Would you write out, word for word, each line of the records below from the top through the one holding "단호박 갈비찜 레시피, 돼지갈비찜, 손님"?
┌─ STUDY MATERIAL
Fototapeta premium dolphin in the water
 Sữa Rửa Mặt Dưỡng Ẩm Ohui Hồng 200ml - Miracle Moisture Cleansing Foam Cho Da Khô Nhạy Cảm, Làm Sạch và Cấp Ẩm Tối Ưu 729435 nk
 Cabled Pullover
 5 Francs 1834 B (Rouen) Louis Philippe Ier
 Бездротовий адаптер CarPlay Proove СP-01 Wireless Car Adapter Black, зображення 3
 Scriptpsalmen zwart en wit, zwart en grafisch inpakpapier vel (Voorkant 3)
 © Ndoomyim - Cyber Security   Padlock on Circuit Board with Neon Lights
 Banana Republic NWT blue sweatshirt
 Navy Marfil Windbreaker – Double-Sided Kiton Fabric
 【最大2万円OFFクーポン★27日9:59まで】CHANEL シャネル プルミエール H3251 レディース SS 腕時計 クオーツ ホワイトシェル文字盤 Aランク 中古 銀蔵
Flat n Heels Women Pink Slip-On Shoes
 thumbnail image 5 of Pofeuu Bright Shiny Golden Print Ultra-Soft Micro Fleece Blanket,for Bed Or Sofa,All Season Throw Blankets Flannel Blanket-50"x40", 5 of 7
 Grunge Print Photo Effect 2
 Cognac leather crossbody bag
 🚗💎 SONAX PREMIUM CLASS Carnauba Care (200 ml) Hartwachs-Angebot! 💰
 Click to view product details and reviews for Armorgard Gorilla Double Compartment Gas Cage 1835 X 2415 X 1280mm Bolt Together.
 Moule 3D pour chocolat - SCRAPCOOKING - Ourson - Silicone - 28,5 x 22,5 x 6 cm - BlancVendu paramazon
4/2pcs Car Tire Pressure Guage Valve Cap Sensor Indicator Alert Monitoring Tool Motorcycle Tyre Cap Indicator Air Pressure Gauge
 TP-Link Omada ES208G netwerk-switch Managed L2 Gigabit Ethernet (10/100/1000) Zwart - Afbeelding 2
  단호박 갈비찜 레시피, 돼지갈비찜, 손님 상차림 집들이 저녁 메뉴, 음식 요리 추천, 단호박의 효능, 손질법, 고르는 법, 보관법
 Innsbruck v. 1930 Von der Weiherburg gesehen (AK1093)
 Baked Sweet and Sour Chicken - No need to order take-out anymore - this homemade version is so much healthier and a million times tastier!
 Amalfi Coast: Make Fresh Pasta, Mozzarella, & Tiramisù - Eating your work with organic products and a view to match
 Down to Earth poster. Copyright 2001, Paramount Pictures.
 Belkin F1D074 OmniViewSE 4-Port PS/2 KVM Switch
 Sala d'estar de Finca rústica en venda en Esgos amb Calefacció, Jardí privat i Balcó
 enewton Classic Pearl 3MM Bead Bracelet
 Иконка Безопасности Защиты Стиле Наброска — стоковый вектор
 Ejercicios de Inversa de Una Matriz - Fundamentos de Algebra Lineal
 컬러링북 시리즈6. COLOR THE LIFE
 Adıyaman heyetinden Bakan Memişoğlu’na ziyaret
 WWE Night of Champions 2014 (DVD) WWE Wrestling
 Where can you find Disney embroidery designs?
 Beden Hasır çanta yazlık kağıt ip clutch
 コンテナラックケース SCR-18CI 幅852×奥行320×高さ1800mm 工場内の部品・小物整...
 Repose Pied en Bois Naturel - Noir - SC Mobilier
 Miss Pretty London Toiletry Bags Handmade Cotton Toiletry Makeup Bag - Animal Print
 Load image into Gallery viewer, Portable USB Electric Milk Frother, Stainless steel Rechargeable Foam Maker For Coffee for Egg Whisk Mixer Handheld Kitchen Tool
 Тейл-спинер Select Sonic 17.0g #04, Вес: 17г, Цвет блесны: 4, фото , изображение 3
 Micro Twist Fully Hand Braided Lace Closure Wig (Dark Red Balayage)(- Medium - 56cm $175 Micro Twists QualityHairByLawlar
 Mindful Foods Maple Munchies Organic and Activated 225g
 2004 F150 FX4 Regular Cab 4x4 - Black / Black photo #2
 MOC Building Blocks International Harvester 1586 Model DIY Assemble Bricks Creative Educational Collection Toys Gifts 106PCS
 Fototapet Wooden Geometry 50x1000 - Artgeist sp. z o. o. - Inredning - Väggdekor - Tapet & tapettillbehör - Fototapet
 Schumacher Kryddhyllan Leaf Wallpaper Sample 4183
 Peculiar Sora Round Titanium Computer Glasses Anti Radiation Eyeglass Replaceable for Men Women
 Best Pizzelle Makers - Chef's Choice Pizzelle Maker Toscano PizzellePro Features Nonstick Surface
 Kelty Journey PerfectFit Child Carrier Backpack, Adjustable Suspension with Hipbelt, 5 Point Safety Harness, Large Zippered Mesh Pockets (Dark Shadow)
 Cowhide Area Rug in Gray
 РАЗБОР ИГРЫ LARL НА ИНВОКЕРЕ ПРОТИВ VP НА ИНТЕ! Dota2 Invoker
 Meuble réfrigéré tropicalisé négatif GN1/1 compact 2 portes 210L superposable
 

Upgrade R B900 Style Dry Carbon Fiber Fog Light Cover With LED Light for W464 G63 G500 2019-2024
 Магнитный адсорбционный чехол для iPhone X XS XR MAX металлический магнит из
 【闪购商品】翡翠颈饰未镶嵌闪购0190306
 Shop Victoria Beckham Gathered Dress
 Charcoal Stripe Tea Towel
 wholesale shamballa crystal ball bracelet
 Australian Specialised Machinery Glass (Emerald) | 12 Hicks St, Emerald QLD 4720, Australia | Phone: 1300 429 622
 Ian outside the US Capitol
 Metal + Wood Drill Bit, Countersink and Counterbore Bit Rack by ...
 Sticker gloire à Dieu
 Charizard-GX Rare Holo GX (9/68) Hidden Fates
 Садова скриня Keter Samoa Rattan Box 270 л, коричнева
└─
## YOUR RESPONSE
Fototapeta premium dolphin in the water
 Sữa Rửa Mặt Dưỡng Ẩm Ohui Hồng 200ml - Miracle Moisture Cleansing Foam Cho Da Khô Nhạy Cảm, Làm Sạch và Cấp Ẩm Tối Ưu 729435 nk
 Cabled Pullover
 5 Francs 1834 B (Rouen) Louis Philippe Ier
 Бездротовий адаптер CarPlay Proove СP-01 Wireless Car Adapter Black, зображення 3
 Scriptpsalmen zwart en wit, zwart en grafisch inpakpapier vel (Voorkant 3)
 © Ndoomyim - Cyber Security   Padlock on Circuit Board with Neon Lights
 Banana Republic NWT blue sweatshirt
 Navy Marfil Windbreaker – Double-Sided Kiton Fabric
 【最大2万円OFFクーポン★27日9:59まで】CHANEL シャネル プルミエール H3251 レディース SS 腕時計 クオーツ ホワイトシェル文字盤 Aランク 中古 銀蔵
Flat n Heels Women Pink Slip-On Shoes
 thumbnail image 5 of Pofeuu Bright Shiny Golden Print Ultra-Soft Micro Fleece Blanket,for Bed Or Sofa,All Season Throw Blankets Flannel Blanket-50"x40", 5 of 7
 Grunge Print Photo Effect 2
 Cognac leather crossbody bag
 🚗💎 SONAX PREMIUM CLASS Carnauba Care (200 ml) Hartwachs-Angebot! 💰
 Click to view product details and reviews for Armorgard Gorilla Double Compartment Gas Cage 1835 X 2415 X 1280mm Bolt Together.
 Moule 3D pour chocolat - SCRAPCOOKING - Ourson - Silicone - 28,5 x 22,5 x 6 cm - BlancVendu paramazon
4/2pcs Car Tire Pressure Guage Valve Cap Sensor Indicator Alert Monitoring Tool Motorcycle Tyre Cap Indicator Air Pressure Gauge
 TP-Link Omada ES208G netwerk-switch Managed L2 Gigabit Ethernet (10/100/1000) Zwart - Afbeelding 2
  단호박 갈비찜 레시피, 돼지갈비찜, 손님 상차림 집들이 저녁 메뉴, 음식 요리 추천, 단호박의 효능, 손질법, 고르는 법, 보관법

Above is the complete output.